It seems to me that in slight paraphrase the central result of the article

- Marco Porta, Liran Shaul, Amnon Yekutieli,
*On the Homology of Completion and Torsion*(arXiv:1010.4386)

(theorems 6.11 and 6.12) means that for $\mathfrak{a} \subset A$ a suitably nice ideal inside a commutative ring $A$, then the total derived functors of

1) adic completion of modules at $\mathfrak{a}$

and

2) of taking $\mathfrak{a}$-torsion submodules

form an adjoint pair of (co-)reflections of homotopy theories (i.e. an adjoint pair of idempotent $\infty$-(co-)monads on the $\infty$-category of chain complexes of $A$-modules).

I am wondering if an analogous result would not also hold for spectra in the case that $\mathfrak{a} = (p)$ is a prime.

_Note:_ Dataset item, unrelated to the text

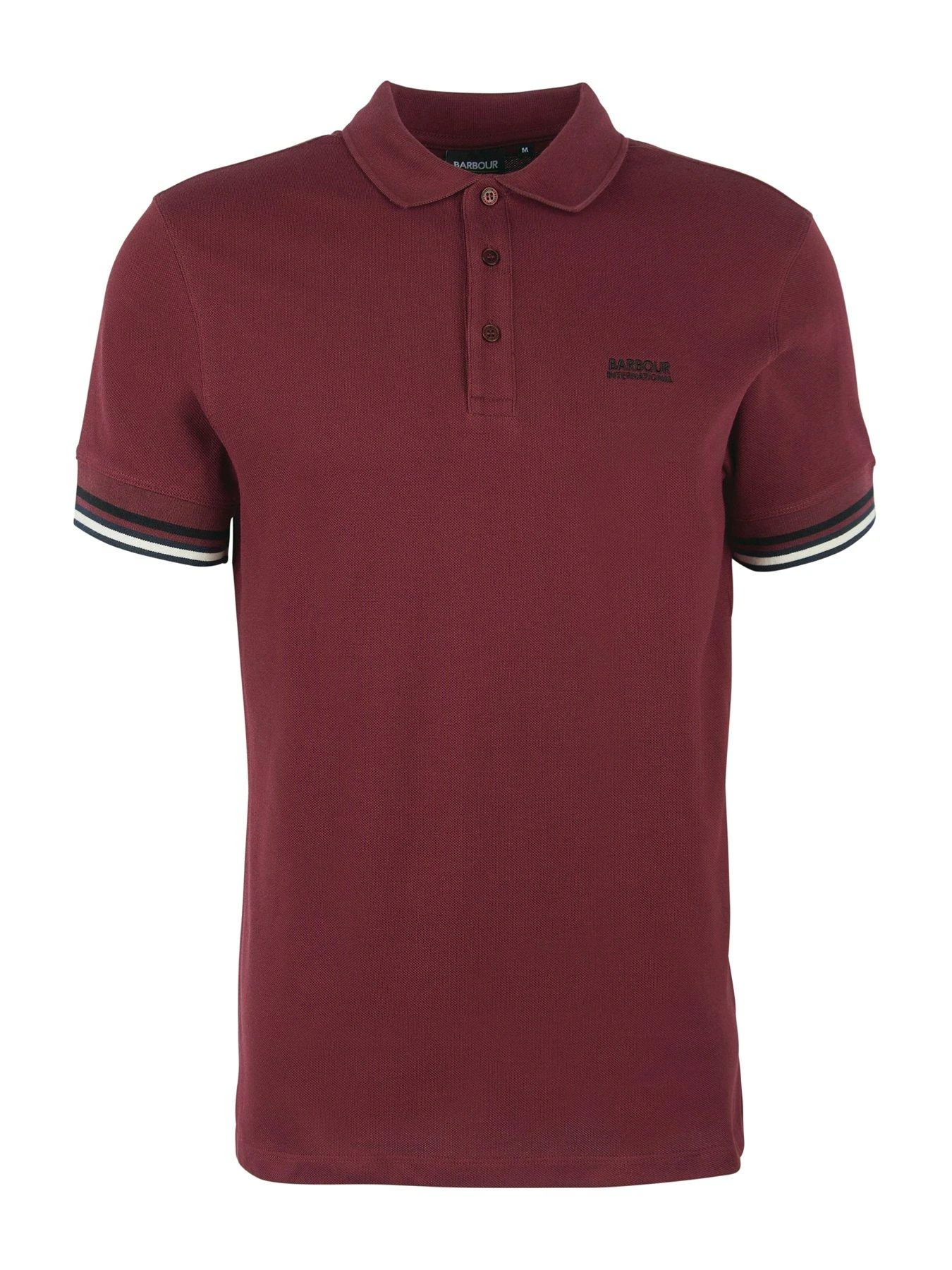 Barbour International Metropolis Polo Shirt - Red 5 Barbour International Metropolis Polo Shirt - Red - Image 5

If so that would yield a nice enhancement of the story of the arithmetic fracture square.

Is forming $p$-completion of spectra adjoint to forming universal $\mathbb{Z}[p^{-1}]$-acyclic spectra (hence adic completion to $\mathbb{Q}$-acyclification), maybe at least on suitably small spectra?

And how about lifting either statement to commutative monoids, i.e. to dg-algebras and further to $E_\infty$-rings, is anything known?